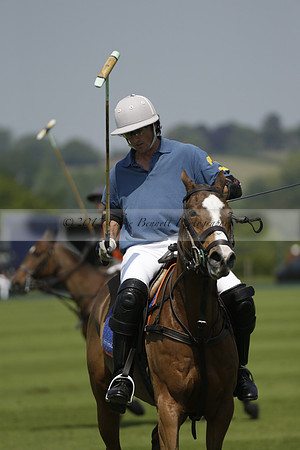 Four Quarters Orange v Montana in a Cicero Cup Polo match 2013.06.06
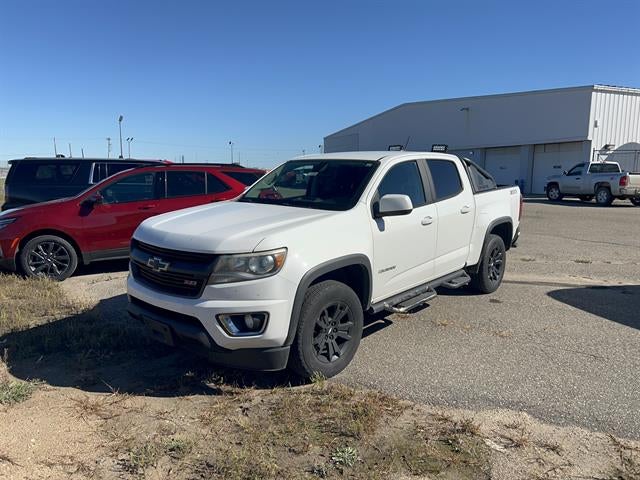Summit White 2016 Chevrolet Colorado Pickup Truck Four-Wheel Drive Automatic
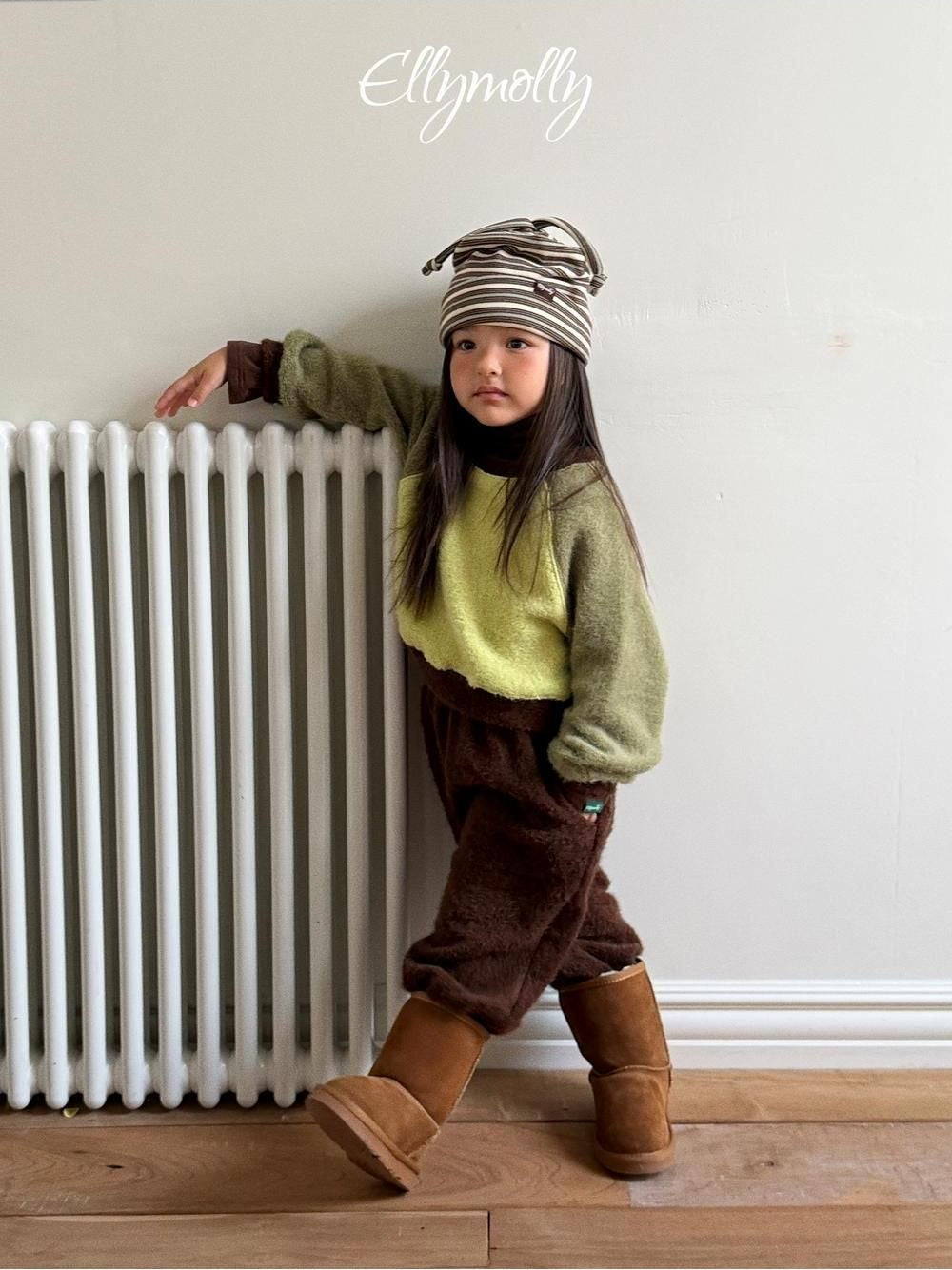 Sweet Muffin Raglan Sweatshirt [Ellymolly]（2026Winter） 19
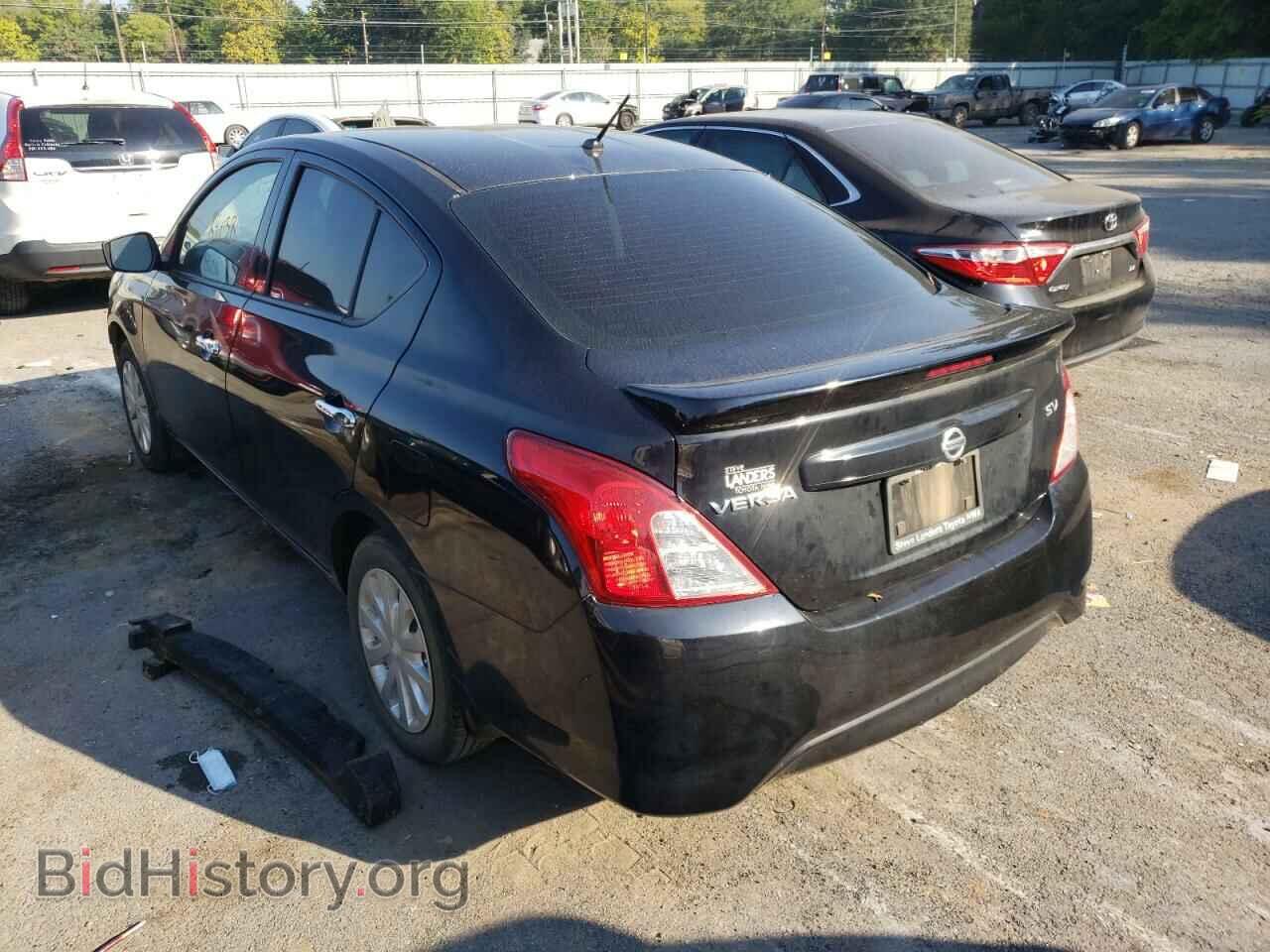 2017 NISSAN VERSA - VIN: 3N1CN7AP1HL833441 - Фото 3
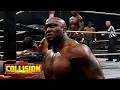 Hurt Syndicate Shane Taylor Promotions join forces for tag team action AEW Collision 26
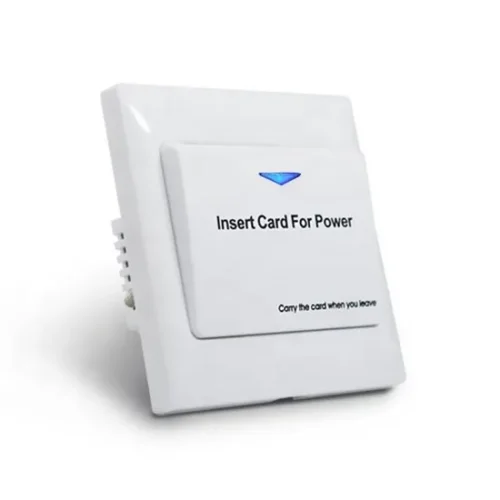 Energy Saving Switch Insert Card to Gain Power
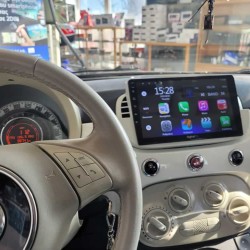 FIAT 500 Τοποθέτηση οθόνης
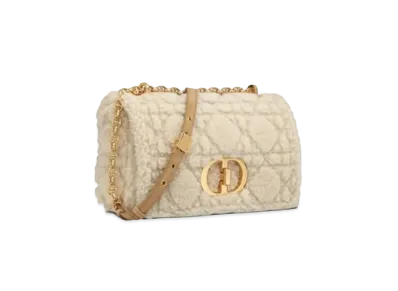 Dior Medium Dior Caro Bag "Natural"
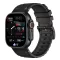 Apple Watch Cyber szilikon óraszíj-fekete 44/45/46 és 49 mm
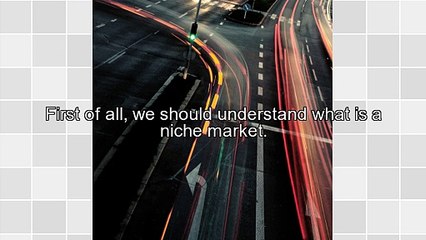 What is a Niche Market?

□ □ □ □ □

Faithful copy, images left out: write out every line of data.

Task answer →
 Four Quarters Orange v Montana in a Cicero Cup Polo match 2013.06.06
Summit White 2016 Chevrolet Colorado Pickup Truck Four-Wheel Drive Automatic
 Sweet Muffin Raglan Sweatshirt [Ellymolly]（2026Winter） 19
 2017 NISSAN VERSA - VIN: 3N1CN7AP1HL833441 - Фото 3
 Hurt Syndicate Shane Taylor Promotions join forces for tag team action AEW Collision 26
 Energy Saving Switch Insert Card to Gain Power
 FIAT 500 Τοποθέτηση οθόνης
 Dior Medium Dior Caro Bag "Natural"
 Apple Watch Cyber szilikon óraszíj-fekete 44/45/46 és 49 mm
 What is a Niche Market?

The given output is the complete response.